What is the effect of rain attenuation on a millimeter wave link at 60 GHz versus 28 GHz?
Rain Attenuation
Rain attenuation follows the ITU-R P.838 model: specific attenuation γR = k × R^α (dB/km), where R is the rain rate in mm/hr, and k and α are frequency-dependent coefficients. At 28 GHz: k ≈ 0.124, α ≈ 1.06. At 60 GHz: k ≈ 0.49, α ≈ 0.87. The attenuation is roughly proportional to the rain rate raised to a power slightly less than 1.
| Parameter | Free Space | Urban | Indoor |
|---|---|---|---|
| Path Loss Model | Friis (1/r²) | Okumura-Hata | IEEE 802.11 |
| Fading Margin | 0 dB | 10-30 dB | 5-15 dB |
| Multipath | None | Severe | Moderate-severe |
| Typical Range | Line of sight | 1-30 km | 10-100 m |
| Shadow Fading (σ) | 0 dB | 6-12 dB | 3-8 dB |
Frequently Asked Questions
How does this differ from Ka-band satellite?
Ka-band satellite links traverse the full rain column (rain heights of 2-5 km depending on latitude).

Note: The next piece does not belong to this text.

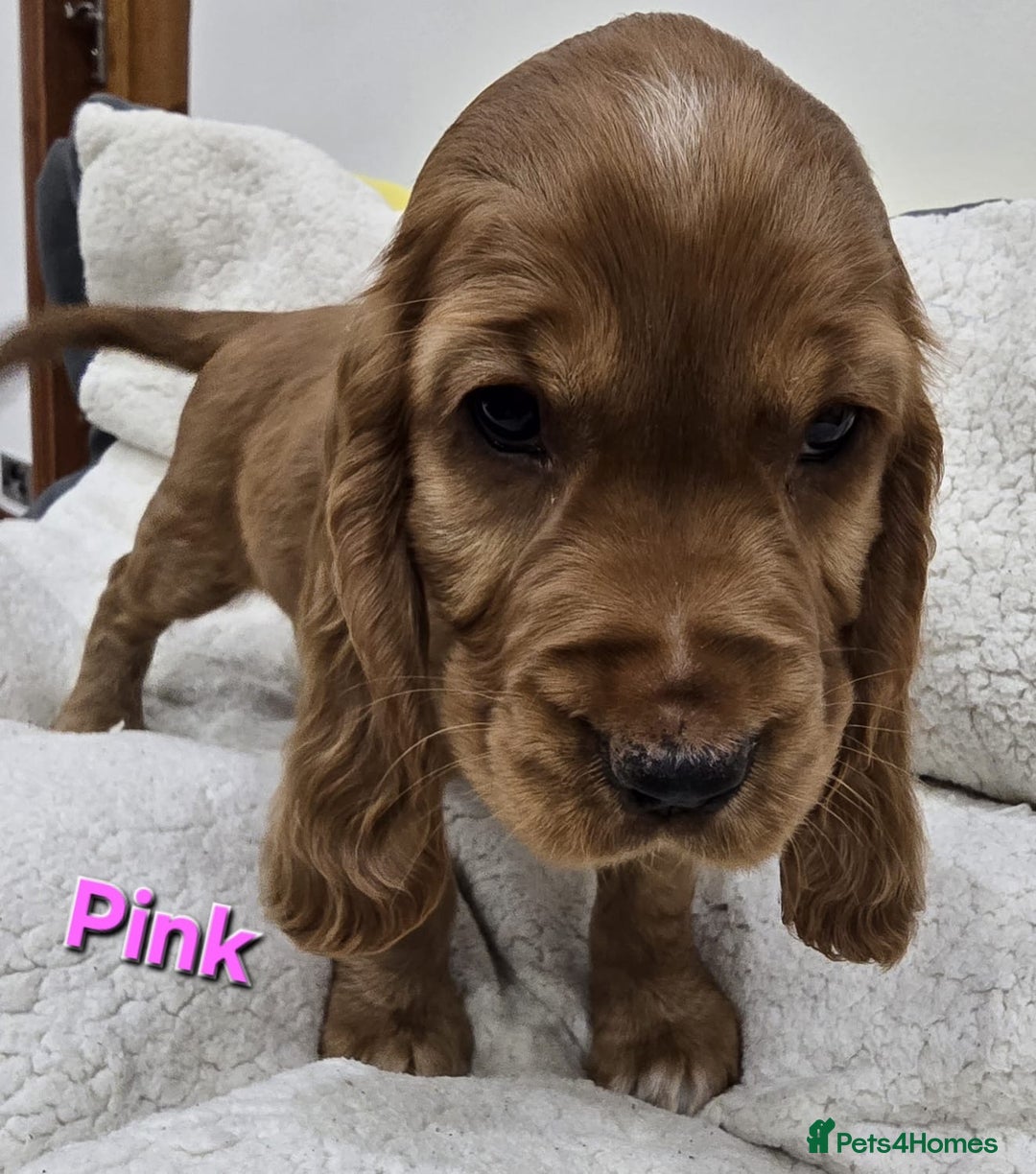 Cocker Spaniel dogs for sale: 🐾 Adorable Cocker Spaniel Puppies for Sale! 🐾 - Image 8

The total rain attenuation on a slant path can be 10-30 dB in heavy rain at Ka-band. This is why Ka-band satellite systems use adaptive coding and modulation (ACM) to trade data rate for reliability during rain events.

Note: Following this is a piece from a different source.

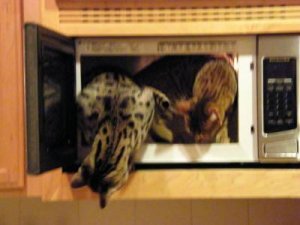 oven2.jpg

Does snow cause attenuation?
Dry snow causes minimal attenuation at mmWave (< 1 dB/km). Wet snow and sleet cause moderate attenuation (5-10 dB/km at 60 GHz in heavy conditions). Hail causes attenuation comparable to rain of the same equivalent liquid water content.
How do I design for rain?
Include a rain fade margin in the link budget: calculate the specific attenuation at the rain rate exceeded for the desired availability percentage, multiply by the path length (with a path reduction factor for links > 1 km), and add this to the clear-sky path loss. The fade margin determines the excess EIRP or receiver sensitivity needed.